It’s been interesting watching the hens in the pumpkin patch. I bring in two at a time. They kick up dirt and eat worms and bugs and leaves. I sit in a chair and enjoy their company. When the two chickens who join me in “hen heaven” are best friends, like Eleanor and Edwina, their interactions are different than if it was, let’s say, Marge and Edwina. Friends in the garden stay close by each other, frequently brushing past each other, feathers touching. One watches what the other is eating, but rarely tries to steal it. There is little competition, but lots of guttural, cheerful clucking between them. On the other hand, put in two hens who are not best friends and they eye each other greedily and snatch morsels out from under the other. They will wander several feet away from the other. They cluck a bit louder and without quite as much chuckle. The two not-best-friends hens are still happy out there in the pumpkin patch, but it is clear that being with a friend is even better.

Egg Shells

Late in the afternoon I take a couple of chickens for an outing in the pumpkin patch. It’s a fenced 30 foot diameter area of pumpkin vines, sunflowers and weeds, loose dirt, bugs and wiggling worms. Chicken Heaven. I have two chairs in the middle of it. Yesterday, my 12-year old son and I sat and talked and watched Tweedledum, Snowball and Twinkydink scratch, dust bathe and chatter.

All was pleasant, but then Twinkydink huffed up, walked in circles and looked distressed. Was she ill? No, she needed to lay an egg. Which she did, while walking about.

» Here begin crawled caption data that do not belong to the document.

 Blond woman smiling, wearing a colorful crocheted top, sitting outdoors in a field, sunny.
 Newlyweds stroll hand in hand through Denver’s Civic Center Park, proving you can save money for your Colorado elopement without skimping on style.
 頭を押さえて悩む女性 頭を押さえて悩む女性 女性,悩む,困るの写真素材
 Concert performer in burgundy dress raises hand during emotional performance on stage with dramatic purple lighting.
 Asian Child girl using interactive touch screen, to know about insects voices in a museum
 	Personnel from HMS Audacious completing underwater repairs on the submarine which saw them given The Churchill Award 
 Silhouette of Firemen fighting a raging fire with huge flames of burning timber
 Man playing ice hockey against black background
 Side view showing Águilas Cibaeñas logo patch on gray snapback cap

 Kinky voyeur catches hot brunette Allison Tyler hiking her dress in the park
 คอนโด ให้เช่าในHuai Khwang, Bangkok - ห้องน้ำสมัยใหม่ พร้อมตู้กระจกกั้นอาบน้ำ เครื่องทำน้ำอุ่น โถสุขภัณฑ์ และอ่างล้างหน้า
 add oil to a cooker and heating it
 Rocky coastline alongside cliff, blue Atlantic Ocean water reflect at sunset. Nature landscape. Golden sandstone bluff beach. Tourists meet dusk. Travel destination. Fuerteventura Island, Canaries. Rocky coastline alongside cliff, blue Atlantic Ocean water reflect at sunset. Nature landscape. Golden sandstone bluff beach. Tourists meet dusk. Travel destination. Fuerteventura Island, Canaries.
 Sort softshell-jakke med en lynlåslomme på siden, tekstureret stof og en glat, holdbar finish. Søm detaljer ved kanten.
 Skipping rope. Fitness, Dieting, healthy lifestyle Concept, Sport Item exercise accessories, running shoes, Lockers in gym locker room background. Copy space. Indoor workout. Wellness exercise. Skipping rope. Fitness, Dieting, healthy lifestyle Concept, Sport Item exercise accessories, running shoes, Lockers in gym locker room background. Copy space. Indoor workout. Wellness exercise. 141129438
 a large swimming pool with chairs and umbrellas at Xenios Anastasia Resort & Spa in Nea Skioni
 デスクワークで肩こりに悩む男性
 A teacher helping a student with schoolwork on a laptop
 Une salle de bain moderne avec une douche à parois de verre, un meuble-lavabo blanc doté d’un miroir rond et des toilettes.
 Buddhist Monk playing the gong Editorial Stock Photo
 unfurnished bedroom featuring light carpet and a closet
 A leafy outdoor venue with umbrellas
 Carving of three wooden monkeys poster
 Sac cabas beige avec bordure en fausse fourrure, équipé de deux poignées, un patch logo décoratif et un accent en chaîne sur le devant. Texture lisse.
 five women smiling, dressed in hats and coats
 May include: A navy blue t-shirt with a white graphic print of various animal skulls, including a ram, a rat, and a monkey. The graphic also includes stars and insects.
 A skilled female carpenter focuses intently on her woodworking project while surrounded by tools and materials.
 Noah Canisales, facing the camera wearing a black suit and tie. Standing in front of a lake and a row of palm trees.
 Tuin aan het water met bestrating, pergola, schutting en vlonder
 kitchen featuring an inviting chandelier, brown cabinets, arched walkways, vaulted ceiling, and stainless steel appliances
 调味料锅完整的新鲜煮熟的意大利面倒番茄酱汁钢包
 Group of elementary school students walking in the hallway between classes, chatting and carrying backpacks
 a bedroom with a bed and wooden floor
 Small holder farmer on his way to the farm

It dropped two inches and broke. Twinkydink then stepped on it, smashed it some more and picked up the shell. The other hens came running to eat the yolk. Twinkydink took the prized shell away from the others and ate it.

Now, you don’t want hens to get to like the taste of eggs. They’ll break their own eggs if they know that they can. So that had me worried. Even worse, the shell was thin and flexible like a balloon, which is a textbook case of calcium deficiency. I bought ground oyster shells at the feed store today. I’ve read that old hens need more calcium, and since some of our girls are pushing three years, it’s probably time for a supplement. The oyster shells should take care of the thin shell problem. I’m hoping that the hens haven’t yet developed the bad habit of egg eating. I’ve been watching the hencam to see.